Why is it ridiculous to think that David Glass will increase his payroll? The Royals spend 97% of their total revenues to put their team on the field. The Astros spend more than their total revenues to put the Astros on the field (EDIT: The Astros spend 95% of their revenues. Sorry for the mistake). The Twins spend 93% of their total revenues (numbers are for 2001). Steinbrenner spent 91% in 2001. How is he any different than these other owners (other than he spends less of his revenue, as a percentage)? He just has more available to spend. The fact that the Royals are in Kansas City doesn't automatically make anyone who owns the team a bad owner, especially just because they don't feel like spending an additonal $40 to $70 million+ just to get their payroll to the level of the Braves, Yankees, and whatnot. The system created this desire of owners to not spend so much. The Royals could spend an additional $10 million and take a relatively small loss to do so, but they'd still be so far down the payroll scale that it would be unlikely to make any difference on the field. So why bother. Spend what you have, but don't go into losses. Because spending more just means money out of the owner's pockets without there to be much of a difference on the field, if any at all.
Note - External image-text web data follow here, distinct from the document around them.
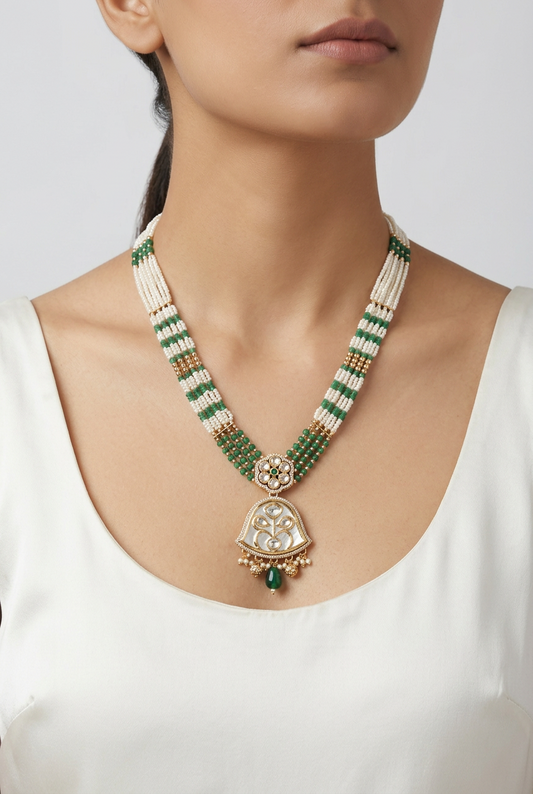 Emerald Amira Blush Jewellery Set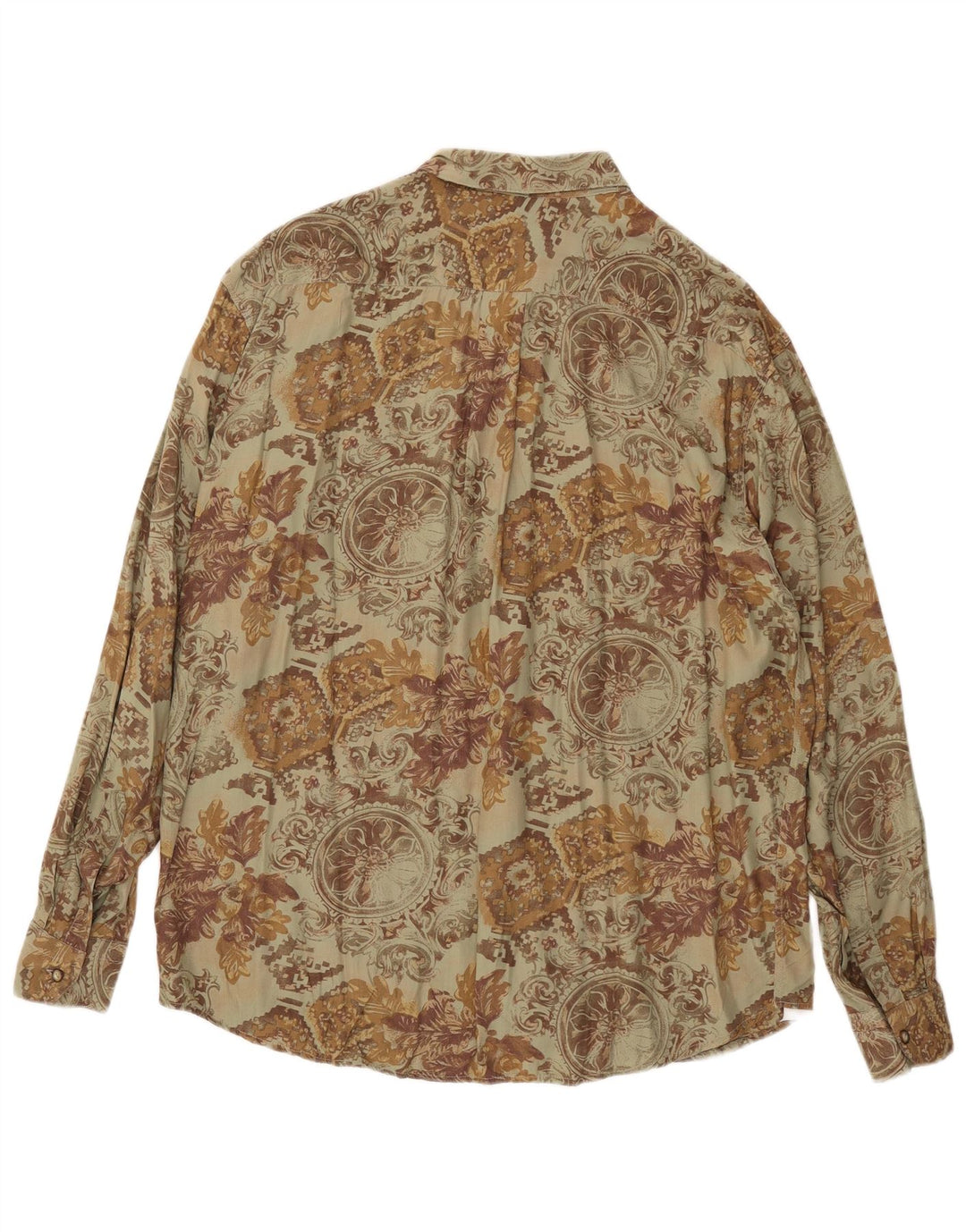 Camicia da uomo Massaro grande floreale kaki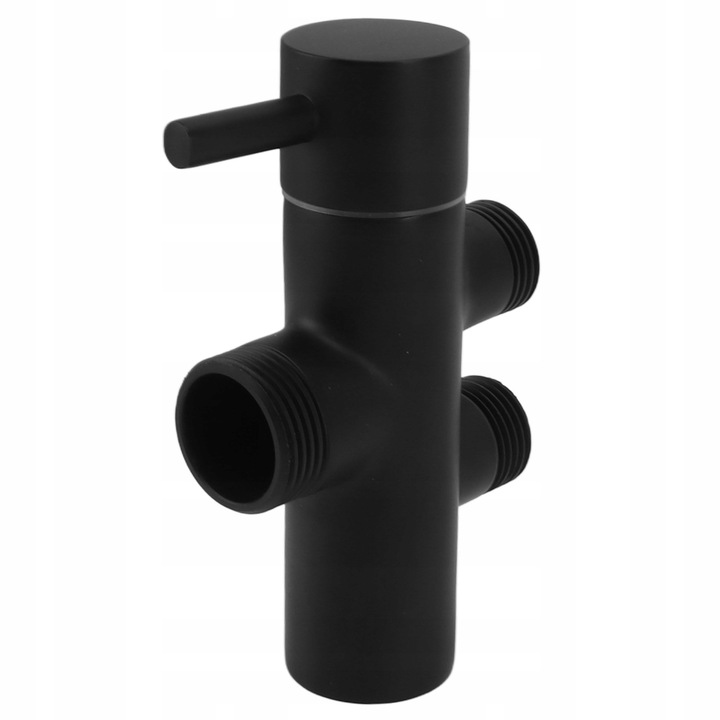 Comutator pentru dus, negru, montare pe perete, din cupru, negru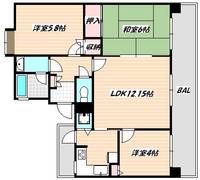 物件の間取り画像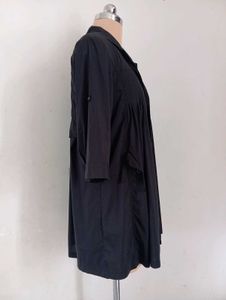 Black Button-Down Tunic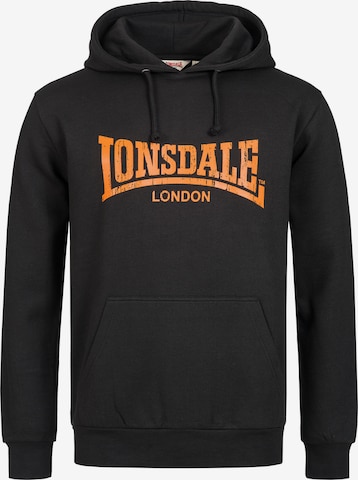 LONSDALE Sweatshirt 'Wolterton' in Black: front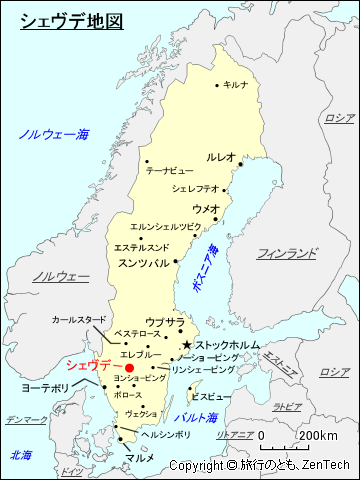シェヴデ地図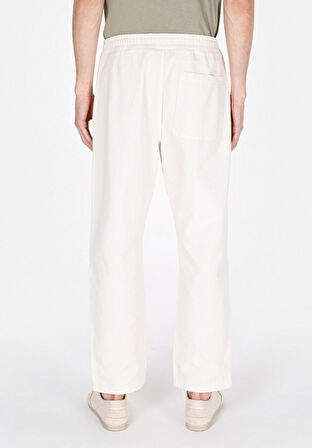 Relaxed Fit Orta Bel Bol Paça Erkek Taş  Pantolon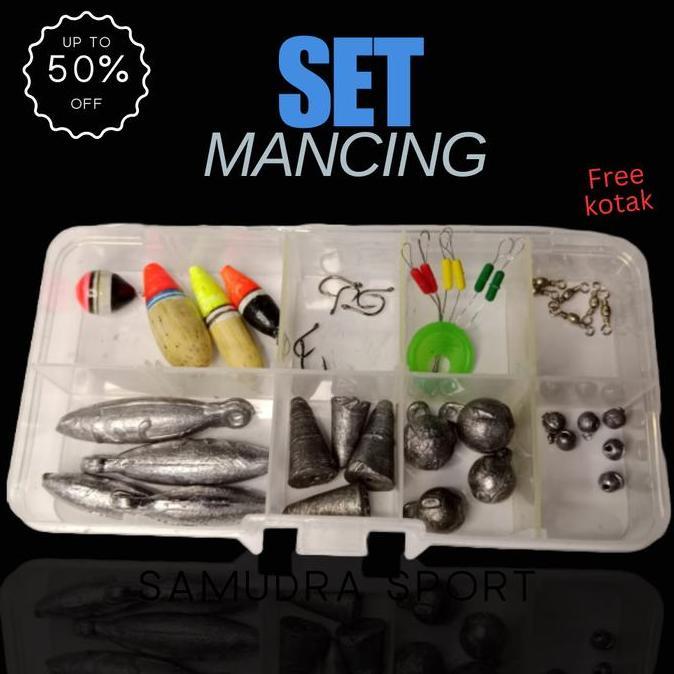 Set Alat Pancing/Set Alat Mancing/Set Perlengkapan Pancing/Set Timah/SetPancing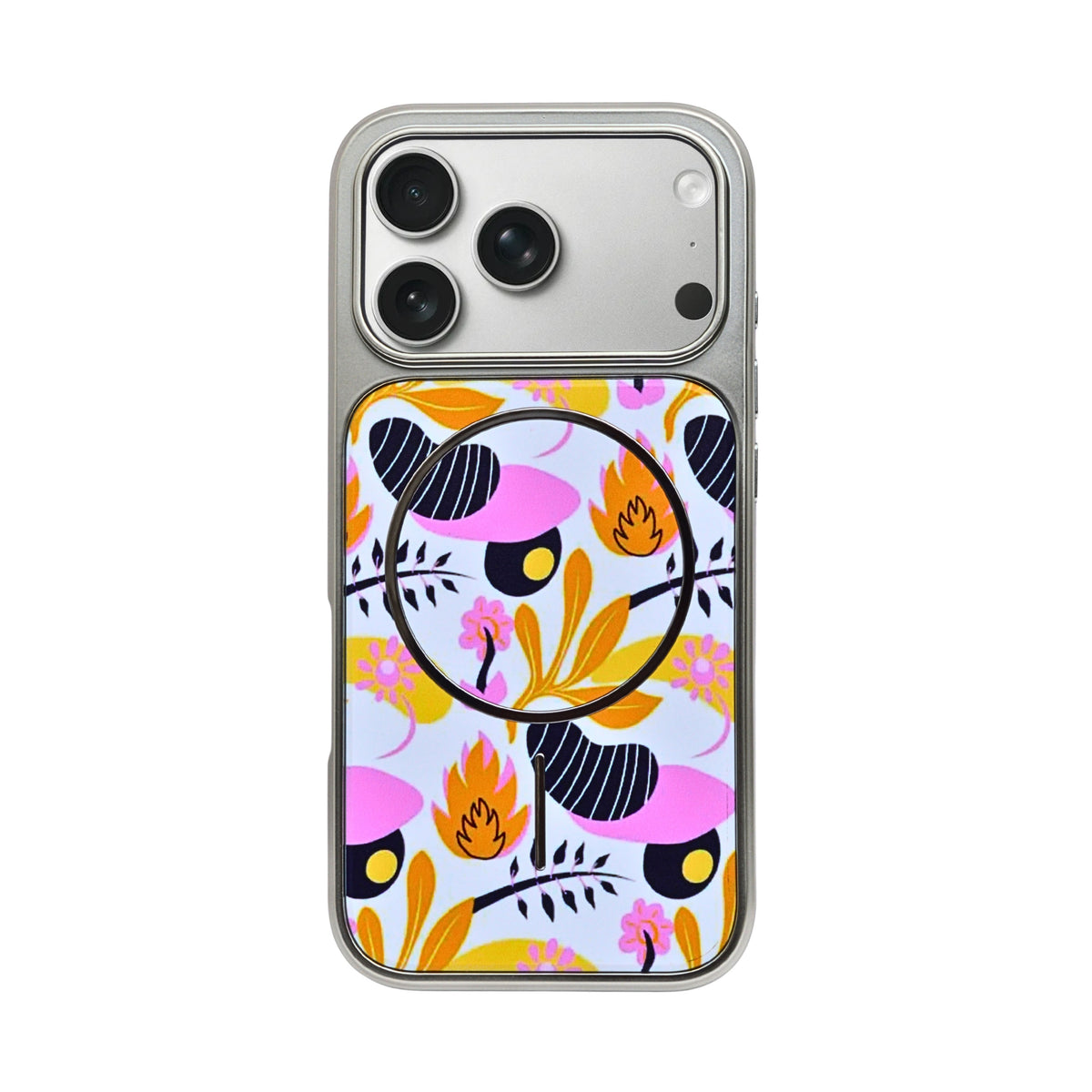 Floral Blossom Print MagSafe Compatible Phone Case for iPhone 17 Pro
Some details of the deal from ESPN.com: The agreement calls for $258 million to be transferred annually from richer clubs to poorer clubs. The deal will be phased in, with 60 percent being transferred in the first year, 80 percent in the second and full implementation of the $258 million in the third and fourth years. In an effort to avoid the chaos of this year, when the sides were working without a contract, this deal calls for a rollover of the terms on revenue sharing and the luxury tax to rollover into 2007 if a new CBA still is being negotiated. Players agreed not to challenge any contraction moves in 2007. The worldwide draft has been set aside for further study.
I actually used Forbes numbers rather than Major League Baseball numbers. I mean, you can believe a publication whose entire job is financial reporting and analysis, or we can completely dismiss their in-depth reporting and analysis and believe some vague notion of what people generally believe to be true (or we could believe what MLB puts in front of us). I would venture to guess that Forbes' numbers are as close to reality as we're going to get. If you or anyone else chooses to not believe them, that's your business and your choice. But unless you can show me something from a better (or just as good as) source that contradicts Forbes, I'm going to continue to support them as being as close to reality as is possible.
looks like ESPN jumped the gun on reporting "no luxury tax in the final year of the deal" and i, in turn, did the same while reporting it on the BBS. my apologies.